Un paese che pretende di controllare al meglio i destini del mondo e invece rinfocola e accresce atti di arbitrio e violenze
L’America è comunemente conosciuta come la patria della libertà, come la nazione che più di ogni altra ha contribuito all’affermazione della democrazia nel mondo. Il suo modello di società è considerato dai suoi estimatori come l’unico in grado di assicurare a tutti pace e benessere e di stabilire un nuovo ordine mondiale basato sugli ideali di concordia e fratellanza. Ma è proprio così? Siamo proprio sicuri che questa immagine sia reale e non un quadro dipinto ad arte? Partiamo dalle origini. Nel nuovo mondo venivano spediti direttamente dalle carceri europee i delinquenti di ogni risma, gli ergastolani, gli emarginati e gli avventurieri
pronti a tutto. Puritani fanatici e vogliosi di rinverdire i fasti della Santa Inquisizione anche all’interno delle loro sétte, cattolici perseguitati dai protestanti, ebrei vittime dei pogrom, affamati, asociali e spostati di ogni sorta. Da tutto ciò nasce la “civiltà” americana. Ha mosso i primi passi massacrando i pellerossa per sottrarre loro la terra, lasciandoli morire di fame, di inedia e di alcolismo dopo averli ristretti in riserve sempre più piccole e prive di pascoli, la loro unica fonte di nutrimento.

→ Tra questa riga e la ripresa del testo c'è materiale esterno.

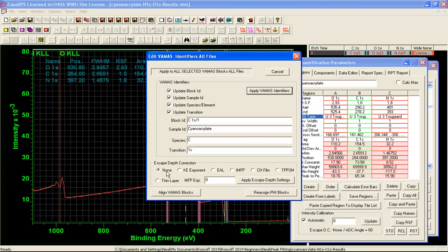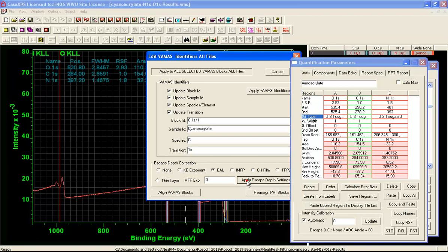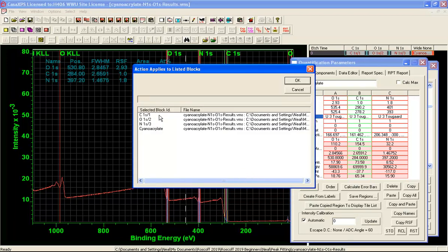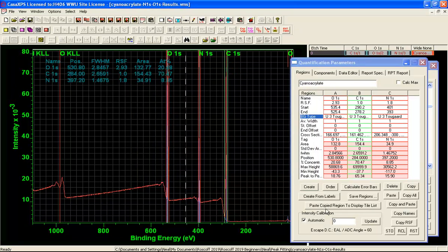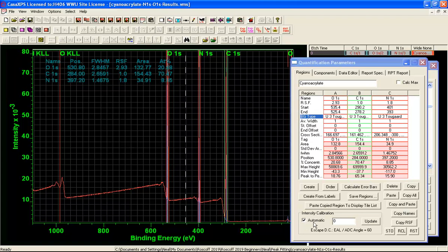So that is where it says none. We will change that to effective attenuation length and then we will apply that to these VAMAS blocks that were selected here in the right hand side. So now we have an effective attenuation length correction and the result is an atomic concentration calculation based on a transmission function that is a National Physical Laboratory relative transmission function.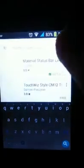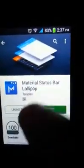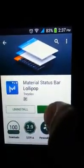Search 'Material Status Bar' and type it here. There is Material Status Bar. I have already installed it so I cannot show the install step, but it's not only for Lollipop — it's also available for KitKat and Jelly Bean. After installation, open it.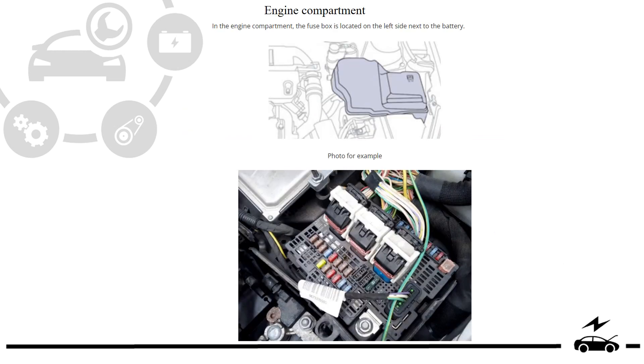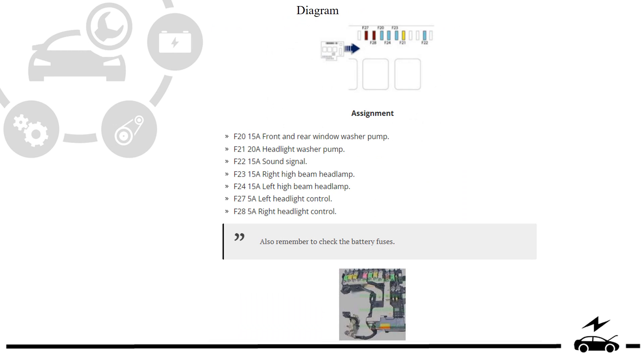Engine compartment fuse box. Location, photo, diagram, assignment.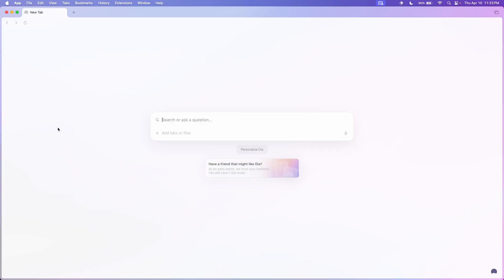After years of begging for a Dia invite, I finally got one. What is Dia? It's basically the browser company's new browser. They basically said fuck you to Arc and went all in on this AI hype train. So yeah, here's a quick review about it.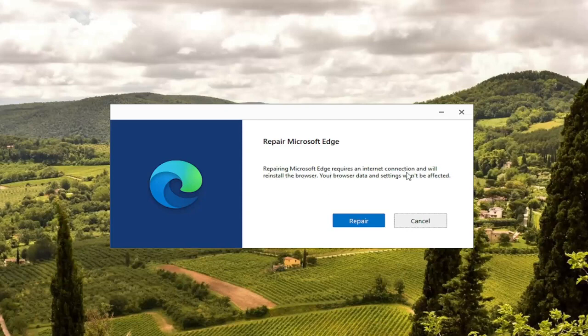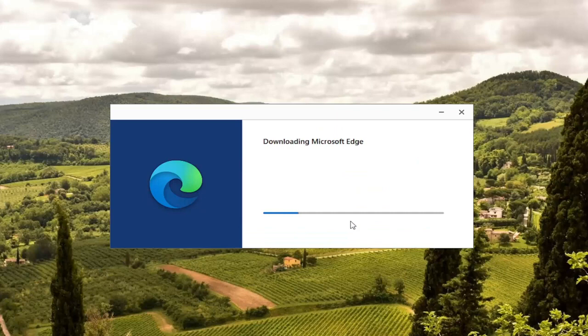It requires an internet connection and will reinstall the browser. Your browser data and settings won't be affected — though I always take that with a grain of salt, because whenever you're doing something like this it very likely may reset some things. So you will more than likely have to sign back into websites that you may have been signed into prior. Go ahead and select the Repair button.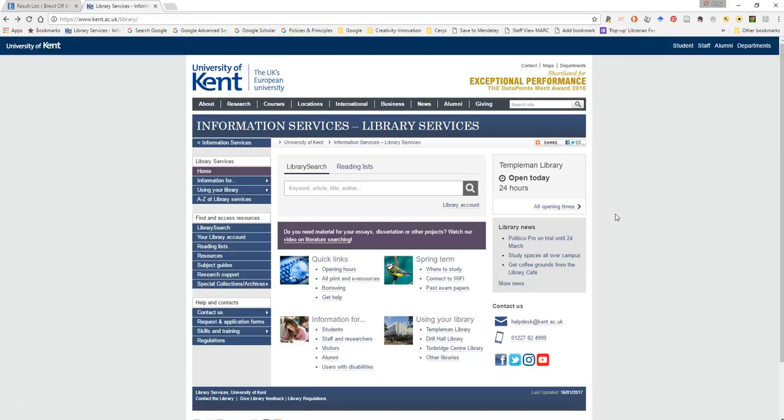Let's see how we can set up some email alerts so we can receive current awareness content from two of our databases. The two databases we're going to look at are Library Search, which is the University of Kent's library search engine, and also Academic Search Complete, which we looked at in the earlier exercise.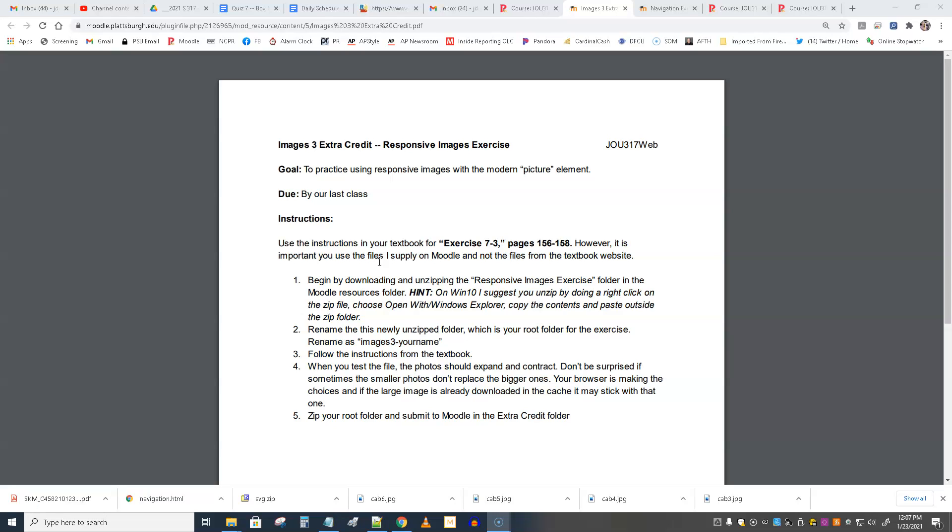This is about images. This is called Images 3. It's particularly about making images responsive, making them flex. Maybe flex is not the right word because we just did flexbox. Making them change shape, change size. And in particular, it uses the picture element, which is a newer kind of HTML element which we've not used yet.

E’ diventata potente anche con il lavoro degli schiavi africani strappati con la forza alla loro terra e trattati alla stregua di animali buoi e di muli su cui esercitare diritto di vita e di morte. Si sono dovuti attendere gli anni ’60 per porre fine alla vergognosa segregazione razziale in vigore in molti Stati USA.

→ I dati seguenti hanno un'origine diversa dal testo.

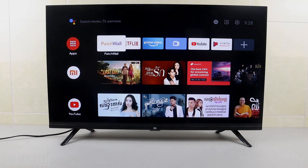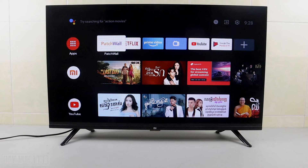Good evening everyone. In today's video, I'm going to show you how you can sign in your Gmail account to your Android Smart TV. As you can see on the table, I have my Android Smart TV here.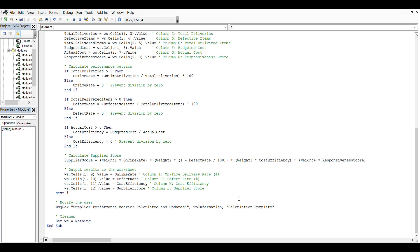Then we notify the user with a message box: supplier performance metrics calculated and updated. The last thing in this macro is to clean up, so we're setting everything as nothing. And that would be it for this video. Thank you for watching.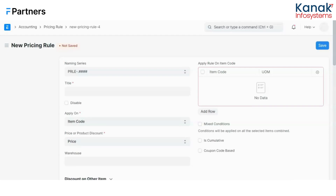For example, a customer buys a product and the minimum amount for the cumulative discount rule is set at 50,000. In the first transaction the purchase amounts to 30,000, which doesn't meet the threshold, so no discount is applied. But the customer returns within the valid period for the same product and makes a second transaction for another 30,000. The first transaction of 30,000 plus the second of 30,000 cumulatively equals 60,000, which exceeds the minimum limit. In this situation, the pricing rule applies on the second — the latest — transaction.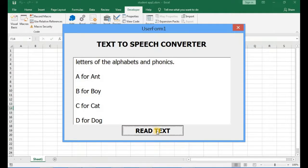This application can be useful when teaching children letters of the alphabet and phonics. For example: A for Ant, B for Boy, C for Cat, D for Dog.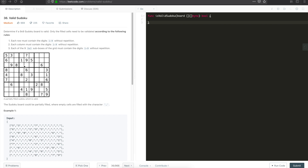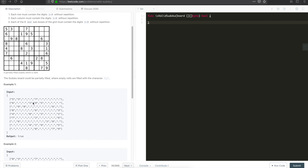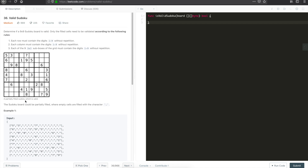Sudoku, if you are not aware, is a widely known puzzle. The rules are pretty simple: all the rows should have digits 1 to 9 without any repetition, all the columns should have 1 to 9 without repetition, and each 3x3 grid should have numbers 1 to 9 without any repetition. The input will have some numbers and some empty spaces, designated as a dot or period. We have to write a program which checks if a Sudoku is valid or not — basically checking for repetitions in the row, column, and grid.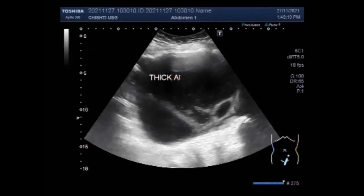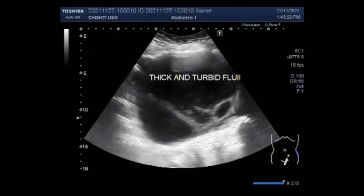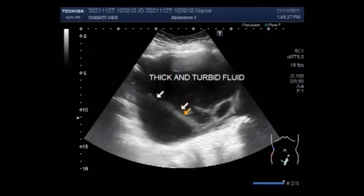An ovarian cyst is a fluid-filled sac that develops in or on the ovary and usually disappears after ovulation. Most ovarian cysts do not cause any problems and go away on their own. But a large endometrioma of this size cannot go away on its own — it needs to be treated.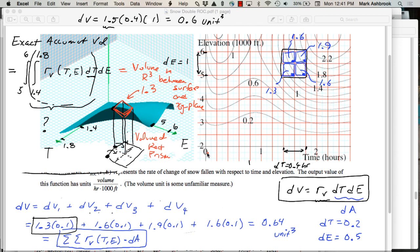Should the volume in R3 be 0.13? That was the rate — I was pointing at the whole top of that thing having a rate of 1.3. But yes — the volume of that rectangular prism I drew is 0.13.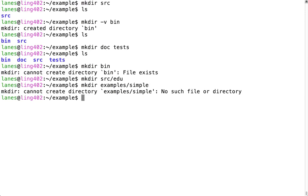This command failed because the examples directory does not exist. There is a solution. Let's take a look at the manual for mkdir to find it.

Durante il secondo conflitto mondiale l’America ha massacrato milioni di civili inermi nei bombardamenti a tappeto delle città tedesche. Ad Amburgo come a Dresda perirono, bruciati vivi dagli ordigni incendiari o mitragliati dal volo radente dei caccia, oltre duecentomila civili, per poi completare l’opera con le bombe atomiche gettate su due delle più popolose città del Giappone.

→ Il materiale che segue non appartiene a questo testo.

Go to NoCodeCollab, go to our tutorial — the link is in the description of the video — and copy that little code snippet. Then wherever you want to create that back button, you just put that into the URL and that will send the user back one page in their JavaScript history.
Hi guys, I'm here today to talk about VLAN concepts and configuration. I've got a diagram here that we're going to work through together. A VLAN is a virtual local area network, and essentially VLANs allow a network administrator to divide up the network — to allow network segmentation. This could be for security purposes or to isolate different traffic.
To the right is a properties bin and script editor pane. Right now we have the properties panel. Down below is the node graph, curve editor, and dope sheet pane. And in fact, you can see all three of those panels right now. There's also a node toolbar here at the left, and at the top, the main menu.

I prigionieri tedeschi della Wehrmacht, anche ragazzi di 15 e 16 anni, rinchiusi nei campi diconcentramento americani e inglesi venivano volutamente lasciati morire di fame, di malattie e di stenti. Costretti a scavarsi con le mani delle buche dove ripararsi dal freddo o dal sole cocente, sotto lo sguardo indifferente degli aguzzini alleati pronti ad uccidere al primo segno di insofferenza.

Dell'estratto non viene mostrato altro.